# Combinations problem - Finding the number

I would like to ask for your confirmation to my thought in regards with the following exercise: One man has 30 different statues, 27 genuine and 3 fake. He sold 10 of these statues in museum A, 10 in museum B and 10 in museum C. What is the probability that each of these museums bought fake statue from the man? I found the probability for each museum, through combinations, that is : $$\frac{{3 \choose 1} {27 \choose 9}+{3 \choose 2 } {27 \choose 8}+{3 \choose 3} {27 \choose 7}}{{30 \choose 10}}$$ Is my way of thinking correct?

Thank you very much in advance.

• I don’t think it is. You are adding up also the cases where one museum recieves more than one fake statue, leaving not enough for the other two. – Tavish Apr 14 '20 at 7:56
• Can you explain your thinking? What are the cases you're counting with the terms in the numerator, and what is the $\binom{30}{10}$ in the denominator counting? – Karl Apr 14 '20 at 8:13
• I think @Tavish is correct. Each museum gets a fake staue means that they all get exactly one fake statue because there are $3$ statues. This means that the probability should be $$\frac{\binom{3}{1}.\binom{27}{9} + \binom{2}{1}.\binom{18}{9} + \binom{1}{1}.\binom{9}{9}}{\binom{30}{10}}$$ – Aditya Apr 14 '20 at 8:16
• @Karl, the $\binom{30}{10}$ is the total number of outcomes.(The probability is asked in the question). – Aditya Apr 14 '20 at 8:18
• Probability that a particular museum purchased fake statue(s) is that, correct. For probability that all museums purchased a fake statue, it is $\frac{3!\times\binom{27}{9\ 9\ 9}}{\binom{30}{10\ 10\ 10}}$ – Rezha Adrian Tanuharja Apr 14 '20 at 8:18

As discussed in comments, your approach is not correct. A correct method would be to assume without loss of generality that the statues are identical except for fakeness and lined up in random order, whereupon the first, middle and last groups of $$10$$ statues are given to the three museums.

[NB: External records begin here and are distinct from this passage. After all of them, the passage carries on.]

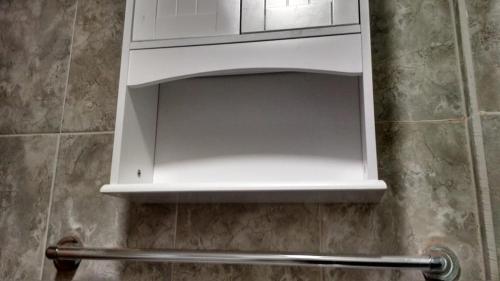 a white cabinet above a toilet in a bathroom at casa completa Balmaceda 77 in Concepción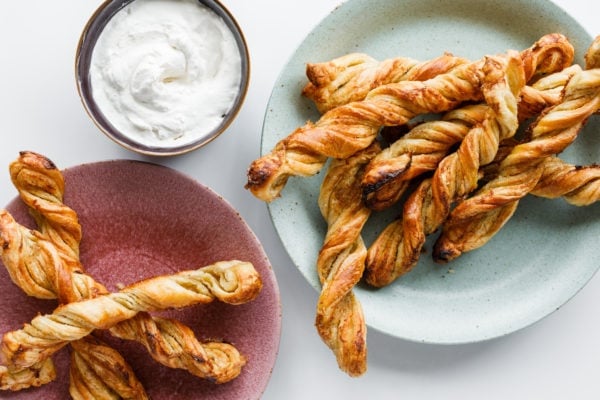 Puff Pastry Orange Twists on plates with cream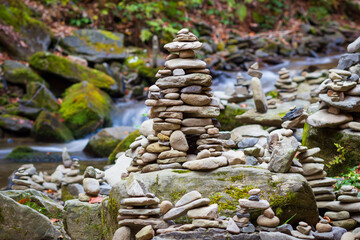 The stacked balanced stones near the mountain river. The mental health meditation practice. - 696875913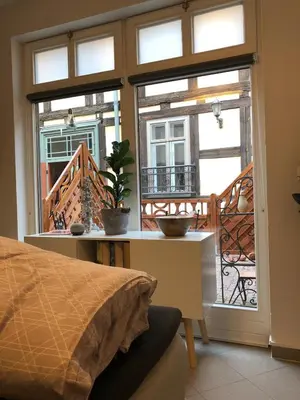 Ein Bett oder Betten in einem Zimmer der Unterkunft Studioapartment G16 - in exklusiver Innenstadtlage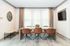 Furnished meeting area with table and chairs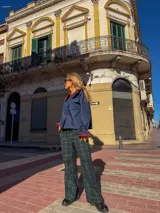Camisa de jean azul oscuro con cuello estilo marinero y puños con volados, ambos con ribetes en color rojo. Presenta cierre frontal con botones rojos.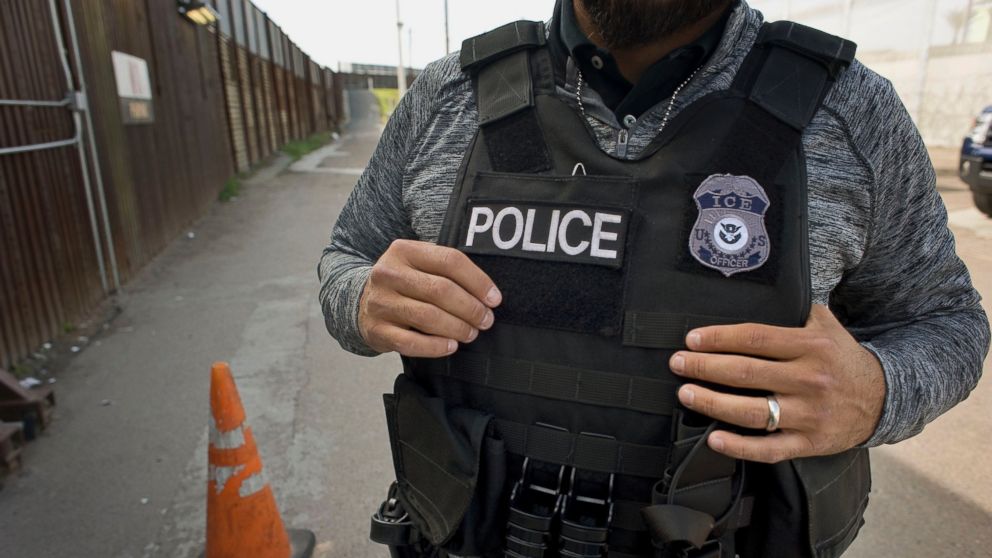 PHOTO: A U.S. Immigration and Customs Enforcement (ICE) agent waits as an undocumented man, not pictured, is deported to Mexico at the U.S. and Mexico border in San Diego, Calif., on Feb. 26, 2015. 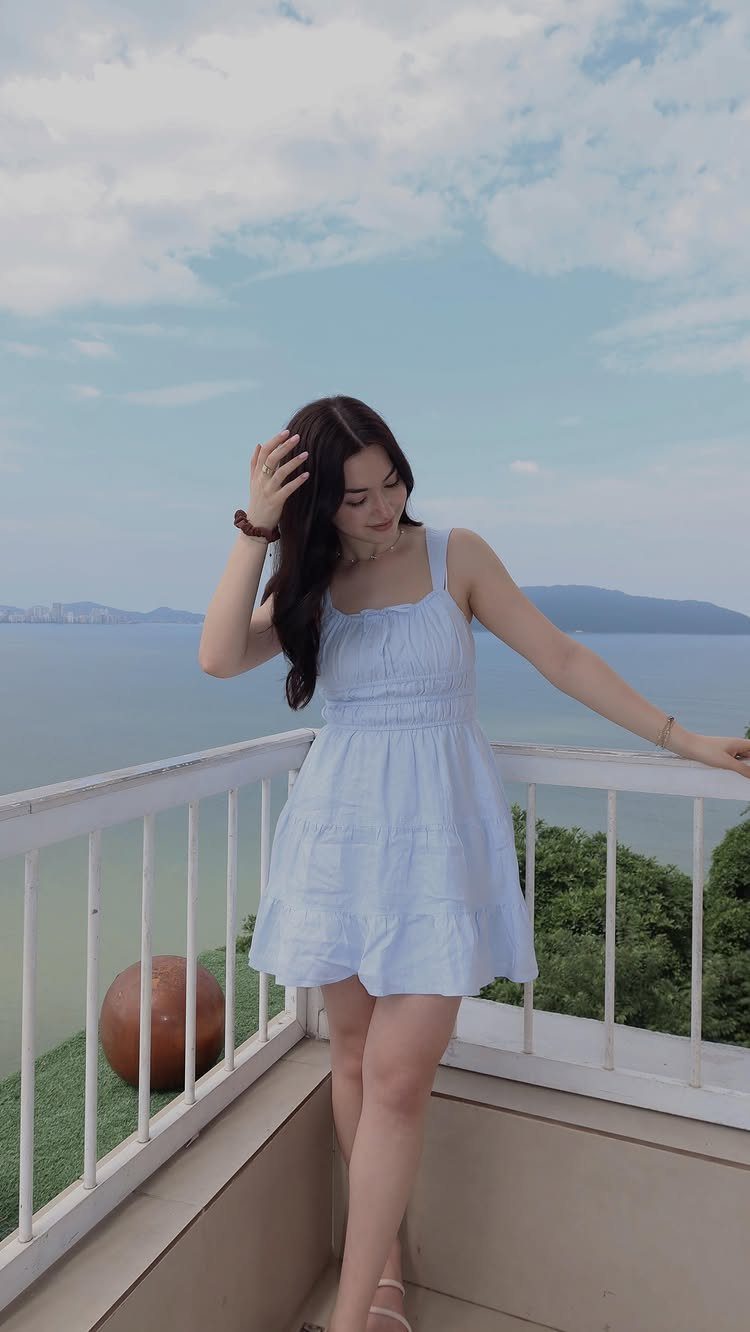 A woman in a light blue summer dress posing on a balcony overlooking the ocean.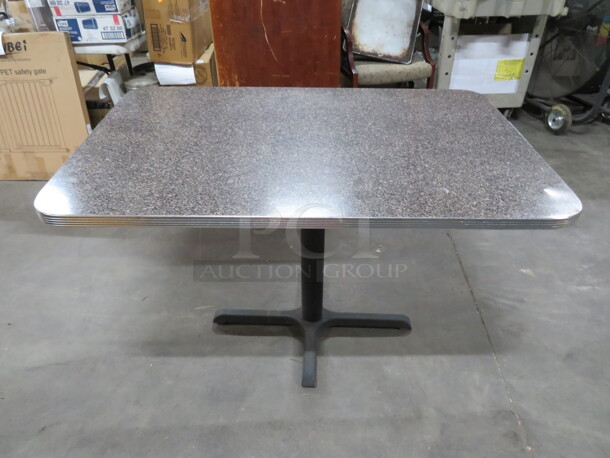 One Grey Laminate Table Top With Chrome Trim, On A Pedestal Base. 48X30X30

The number of distinct ways to select where the fakes lie in the line is $$\binom{30}3$$. The number of ways to select the fakes so that each museum gets one fake is $$10^3$$. The probability is $$\frac{10^3}{\binom{30}3}=\frac{50}{203}$$.

• I really hate this argument with identification of different things. But fortunetly we can avoid it here! – Aqua Apr 14 '20 at 8:54
• @Aqua I prefer doing this because it tends to give small numbers, which I can more easily run through my head. – Parcly Taxel Apr 14 '20 at 8:56
• @Aqua In other words, here I am assuming that the man has $30$ Polteageists and $3$ of them are Phony Form. – Parcly Taxel Apr 14 '20 at 8:57

Your answer seems wrong. Although, from your answer I am unable to judge about how you exactly arrived at it but here's a hint to how you could have approached the problem:

Just in case you don't know: Number of ways to divide n objects in n1 groups of m1 object, n2 groups of m2 object and so on till nk groups of mk objects such that Σni mi = n can be given as: $$\frac{n!}{(m1 !)^{n1} (n1 !) .... (mk !)^{nk} (nk !)}$$

(This result can be arrived at using simple product rules and a bit of intuition or more formally by using set theory and providing appropriate bijections)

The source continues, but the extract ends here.